Why screentones cause moire when scanned
A flatbed scanner samples the page as a regular grid of pixels. A screentone is another regular grid of dots. When two regular grids overlap at slightly different frequencies or angles, they interfere and create a third, much larger pattern β the wavy, blotchy bands you see in your scan. This is the same halftone interference that affects scanned magazines, but manga makes it worse in three specific ways.
1. Tone line count vs. scanner DPI
Moire is worst when the scanner's sampling frequency sits close to a multiple of the tone's line count. Scan a 60L tone at 300 DPI and each tone dot is captured by only a 5Γ5 pixel patch β barely enough to describe a round dot, so the dots alias into ripples. An 85L tone at 300 DPI is even worse (about 3.5 pixels per dot). This is why low-DPI manga scans look far noisier than the printed page ever did.

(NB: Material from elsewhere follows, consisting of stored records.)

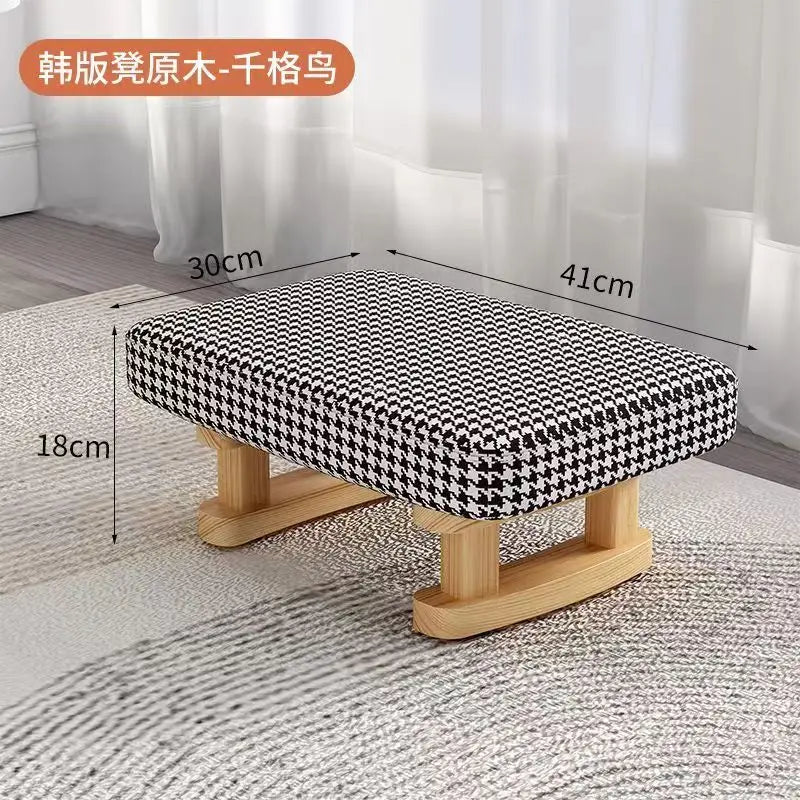 Creative Small Wood Chair Household Shoe Changing Stool Ins Sofa Living Room Foot Rest Stool Tea Table Children Bathroom Footsto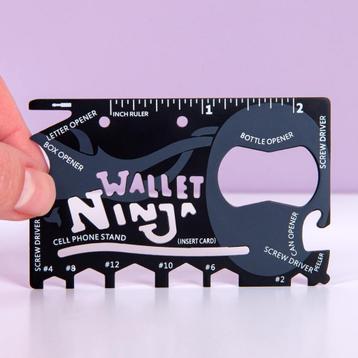 Wallet Ninja Toolcard beschikbaar voor biedingen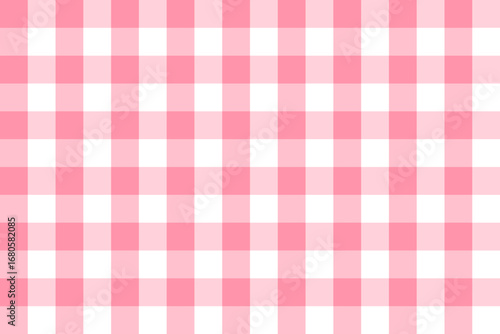 Pink and white soft check pattern, classic, cozy and fun look for rustic interiors, playful fashion elements and picnics.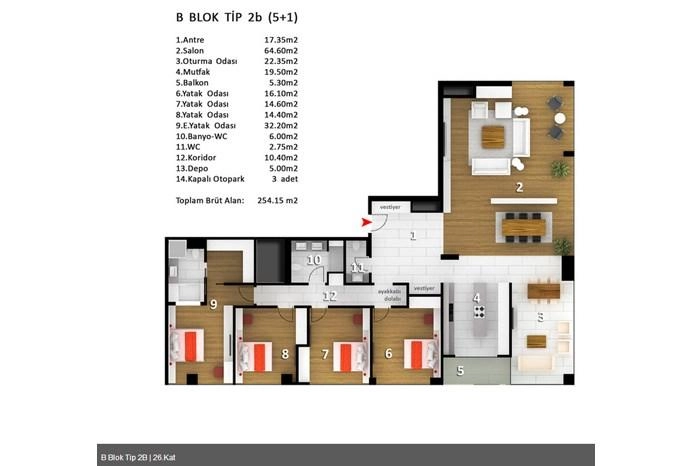 floorplan-turkey-ankara-Зankaya-paladyum-beytepe-rezidans-174211911911.webp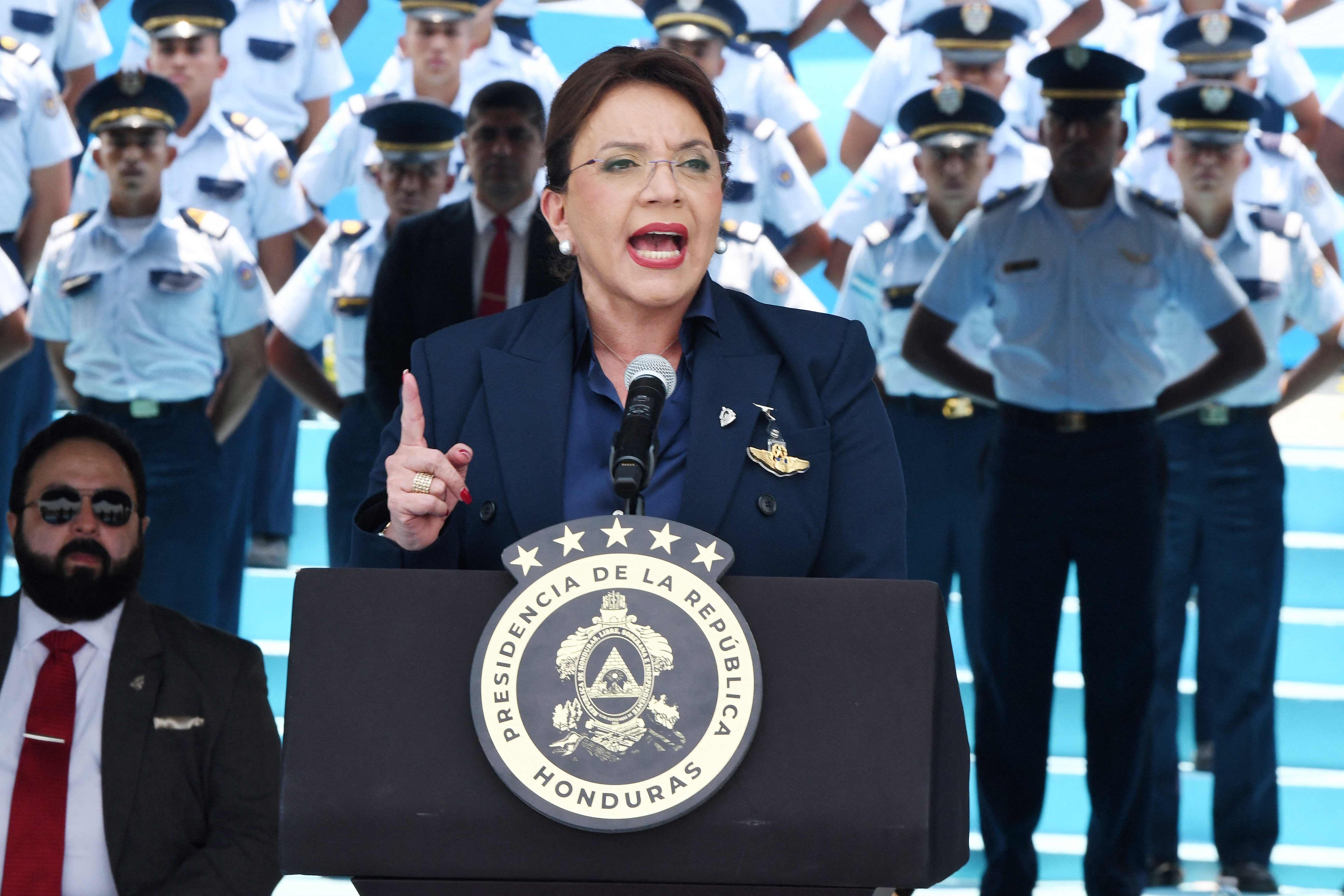 Presidenta de Honduras,  Xiomara Castro. (Foto Prensa Libre: AFP)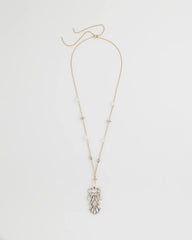 Chico's Jewelry Adjustable Opalescent Pendant Necklace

2. Overlapping tones are the worst case
Manga artists routinely layer tones β two sheets of the same dot tone rotated slightly for a darker shade, or a gradient tone over a flat tone. Each layer is its own grid, so the scanner is now sampling three or more interfering frequencies at once. Overlapped tone areas (kake-ami backgrounds, layered shadows on clothing) almost always show the heaviest moire in a scan, and they are also the areas that blur-based fixes destroy first.

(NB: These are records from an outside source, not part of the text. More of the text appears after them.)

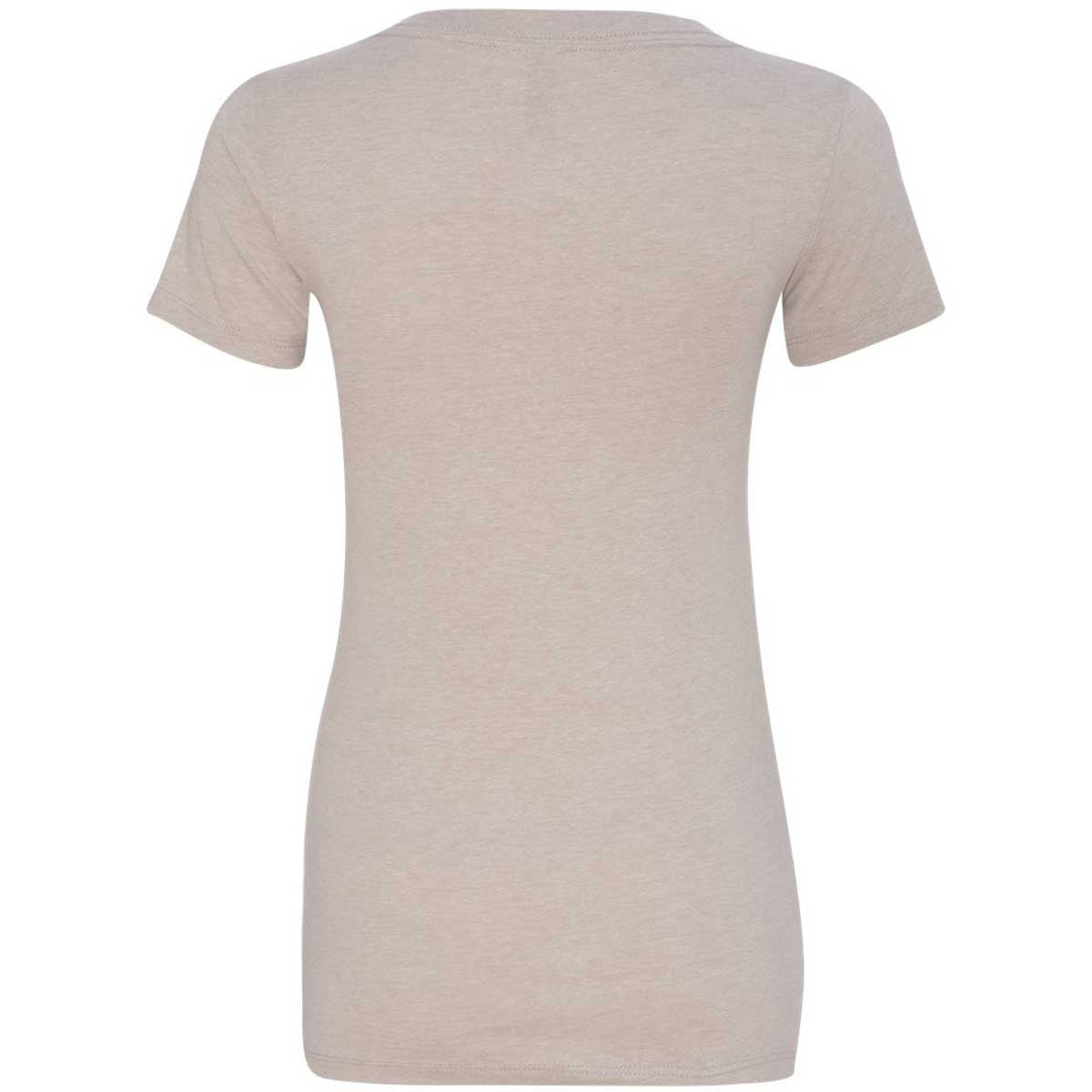 Elevate Your Style with Next Level Women's Sand CVC Deep V Tee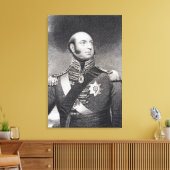 Prince Edward, Duke of Kent en Strathearn Canvas Afdruk (Insitu (Woonkamer))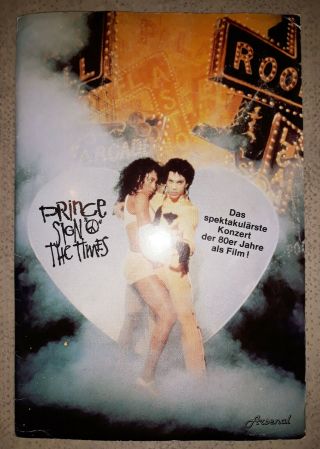 Prince Mega Rare German Sign Of The Times Movie Promo Press Pack Plus Poster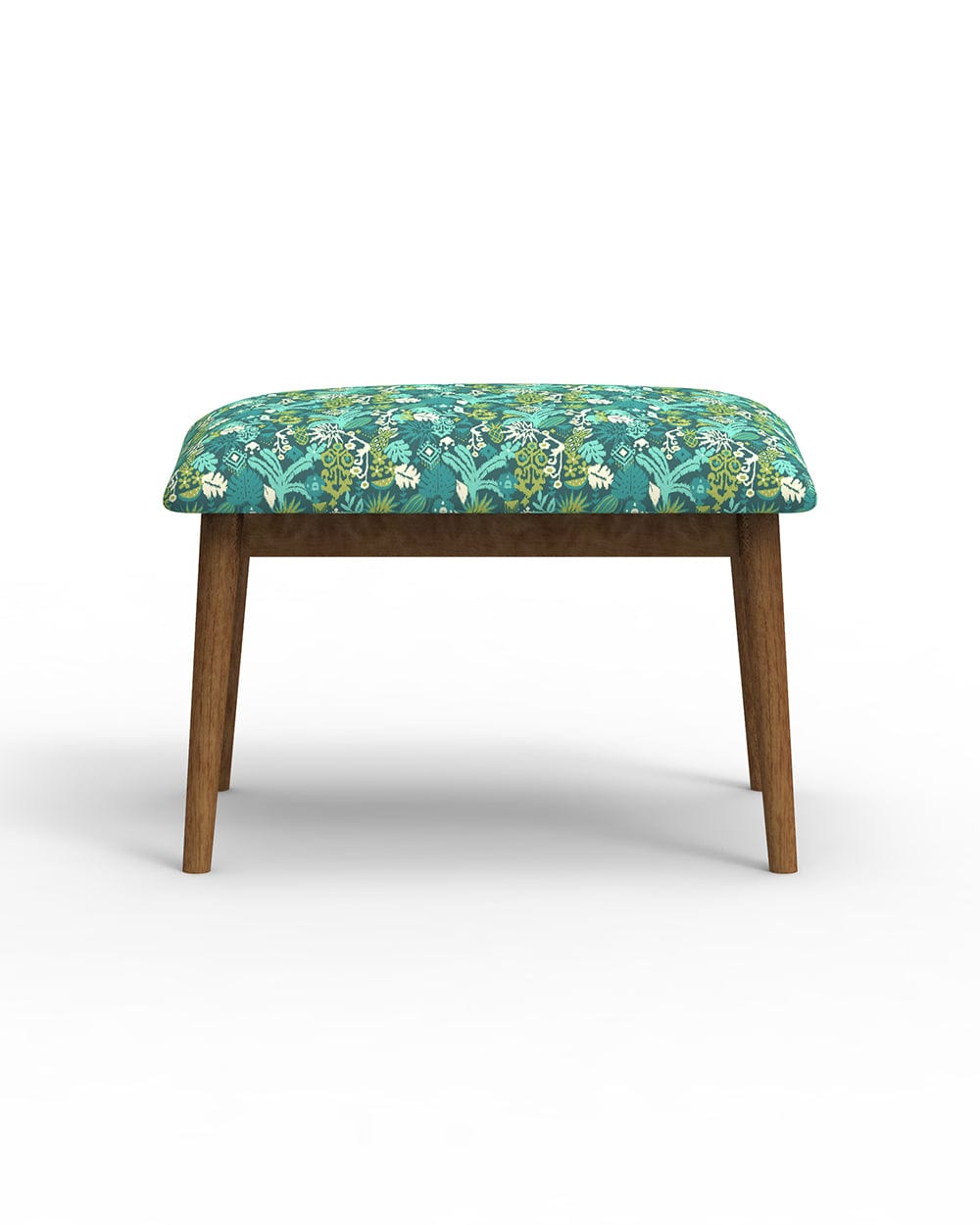 Chumbak Jodhpur Bench Small - Tropical Ikkat Green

3. JPEG compression and resizing amplify it
Even a clean 600 DPI scan will bloom with moire the moment you downscale it for the web with a naive resampler, or save it as a compressed JPEG. Resizing is itself a resampling step β a fourth grid added to the interference stack.

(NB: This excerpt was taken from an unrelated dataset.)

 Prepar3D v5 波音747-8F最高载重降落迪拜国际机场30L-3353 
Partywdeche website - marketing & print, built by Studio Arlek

The right scanner settings for manga and doujinshi
You cannot fully prevent tone moire at scan time, but good settings preserve enough information for clean removal afterward:
- Scan at 600 DPI. At 600 DPI a 60L tone gets roughly 10 pixels per dot β enough for software to see individual dots instead of aliased mush. For 85L fine tones or planned reprints, 1200 DPI grayscale is even safer. Never scan toned pages below 300 DPI.
- Use grayscale, not color, for black-and-white pages. Color mode adds RGB channel misalignment that shows up as rainbow-tinted moire. Grayscale (8-bit) is cleaner and produces smaller files. Only covers and color pages need color mode.
- Turn off the scanner's built-in descreen filter. Driver-level descreening is a blunt blur tuned for magazine halftones (133β175 lpi), not manga tones. It smears linework and hatching while leaving tone moire half-treated. Scan raw, fix later.
- Keep the page flat. Doujinshi bindings force pages to curve near the spine; a curved tone grid moires unevenly. Press gently or debind if the book is being archived permanently.
- Save as PNG or TIFF. Avoid JPEG for the master scan β compression artifacts bind with the tone pattern and become impossible to separate later.
Removing screentone moire with AI
The traditional fix β Gaussian blur plus sharpening, or Photoshop's Camera Raw moire slider β has no way to distinguish a 60L tone dot from a hatching stroke or a small font. It removes both. AI descreening models are trained on halftone and screentone patterns specifically, so they dissolve the interference while reconstructing the linework underneath.
The workflow with our free descreening tool:
- Scan at 600 DPI grayscale with the driver descreen filter off, saved as PNG.
- Upload the page to the descreening tool β it is tuned for printed halftone and tone patterns.
- Pick an output resolution β 2K for e-book distribution, 4K if the page will be reprinted.
- Let the AI process. It detects the tone frequency (including overlapped layers) and removes the interference while keeping outlines, hatching, and lettering crisp.
- Compare and download. Check the heavy-tone areas at 100% zoom β layered shadows and gradient tones are where blur-based methods fail and where the difference is most visible.
For color covers photographed or scanned with rainbow interference, use the general Moire Remover instead β it handles RGB channel moire from color sources.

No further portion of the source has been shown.